*this was one of the stories I wrote in Fiction writing class 2017.
Sick is the new black.
Not the kind of sickness that makes you drink Robitussin or Aspirin. Not the kind that makes you sit on the toilet for hours with both ends of your body emptying the contents of last night's dinner down the bowl. I'm talking about the hard core kind of sick. The one that starts eating up some pathetic teenage kid in the head and dumps him straight into the loony bin where he'd love to stay.
I live in a world where the sick part of getting sick is not the sickness itself but wanting to get sick. People wear sickness like a pair of trendy boots. They wear it on their faces like make up. They slap it over their skin like some cheap perfume that has to be reapplied every hour.
It's sickening. It's sickening the way these kids show off their sicknesses.
One minute there's Johnny Appleseed on top of a building that's low enough to see the tears streaking down his face, screaming "Fuck this goddam world!" and the next, he's plummeting towards the busy sidewalk, knees first. I can see the headlines now, alright: MENTALLY TROUBLED TEEN---AND HIS TRAGIC STORY, coming up next here on ABC news. Stay tuned, America.
Every night there's a story. A sad, depressing story of necks squashed by ropes, of wrists slashed by knives, of intestines dissolved by bleach. Take anything from my garage, my kitchen, my laundry room and it turns into a murder weapon in the hands of some sixteen-year-old who hates her parents and wants to kill herself because they don't understand whatever it is she's going through.
Every damn house I walk by, I can smell their tears and feel their fabricated despair. Every house blasts the same depressing Radiohead song over and over again, singing 'I'm a creep; I'm a weirdo; what the fuck am I doing here?

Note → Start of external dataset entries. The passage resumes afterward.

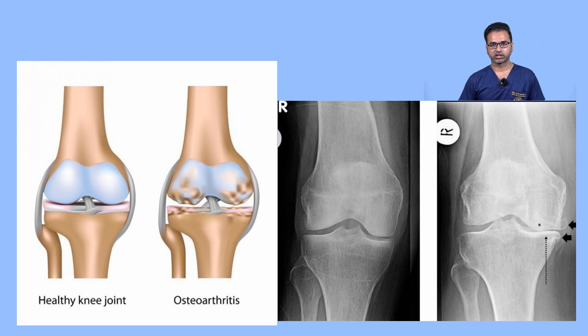Today we will discuss how to strengthen your knees, what physiotherapy you have to do, and what you should not do — all in this video.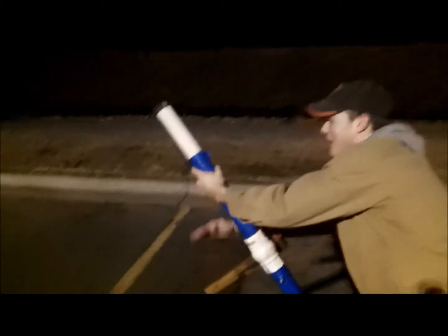Fire in the hole! This is what it does. Do a corndog.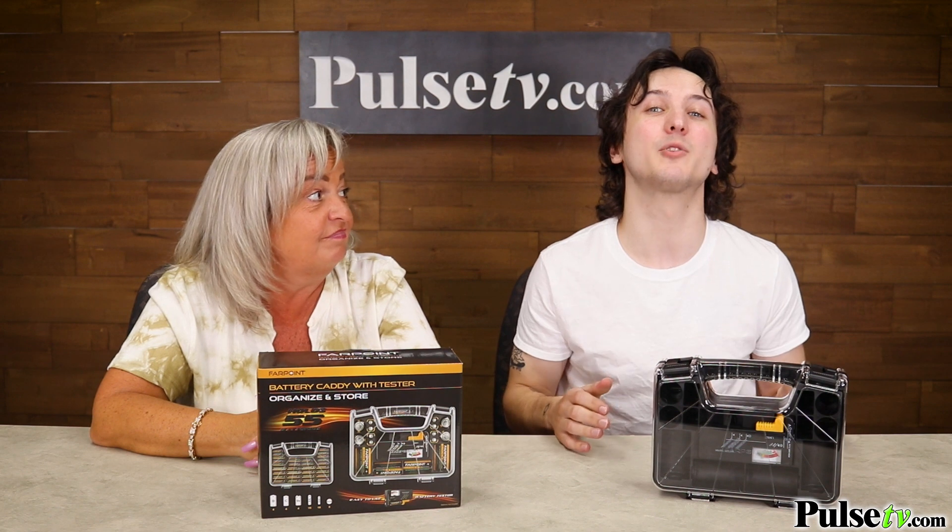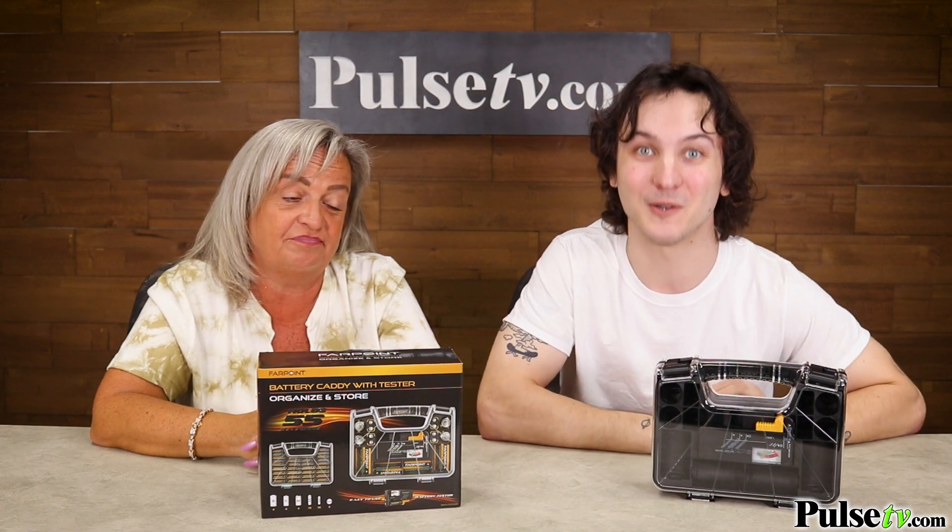It's a must-have for parents because when those toys go dead, you know right where the batteries are. This is great for the whole family, so you're gonna want to make sure to pick up a few — head on over to the site and grab yours today.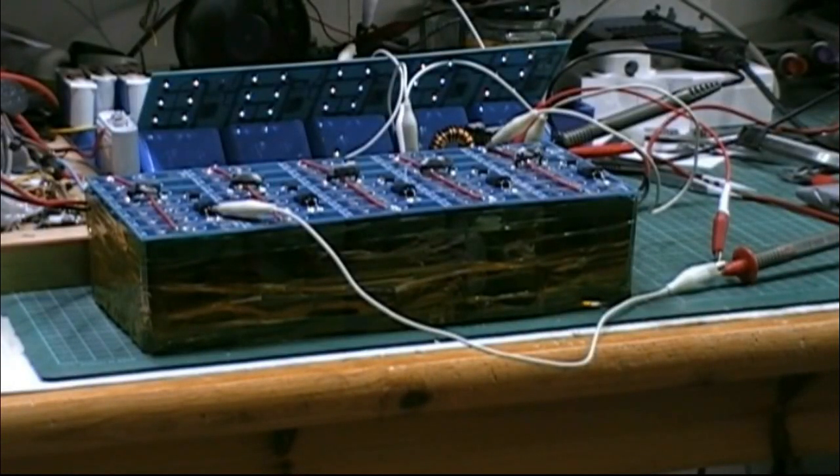This is one of my prototype powerwall batteries. I'll show you in a minute as I've finalized the design. 24 volts as normal, 30 amp-hours and something like 40 watt-hours of work.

Well you know what the secret to happiness is, kids? If you don't want to be sad, don't fucking listen to sad songs!
*
The thing is, people are not supposed to die wanting to die. Truth be told, these kids never do. The moment they cut a little too deep, their hearts start panicking.
"Holy shit!" they'd pant and before they can convince themselves not to do it, they've got their other hand putting pressure on the gash on their arm that's starting to drip like a leaky faucet onto their mom's favorite bathroom tiles.
The moment the heels of their shoes leave the stool, the last thing their thoughts scream is, "Fuck!", like they accidentally did something bad.
And it's bad. It gets real bad afterward, for them and for those family members or relatives or whoever else they got away from.
And it gets real busy for me.
If there's one thing parents can't stand, it's not knowing why their precious child decided to empty a bullet in his brain because obviously they were raised never to be like that! And my job is to figure out why they did it.
I get about three calls per week from distraught parents sobbing and screaming into my right ear, asking me to clear up the shrouded question of why their children killed themselves. Of course, since I got my good eye on that shiny black vintage 1967 Chevy Impala that I can't afford, I grudgingly accept their case for the decent money they're offering me. Usually eight hundred bucks. On a good week I make about $2400.
These parents pay a crap load to know about their kids. It makes me wonder whether or not they realize that it should've been free.
*
The first call of the week is from a single mom. Let's call her Ms. Davis. Long story short, her son OD'd. Fifteen years old. Ten bottles. Gummy vitamins.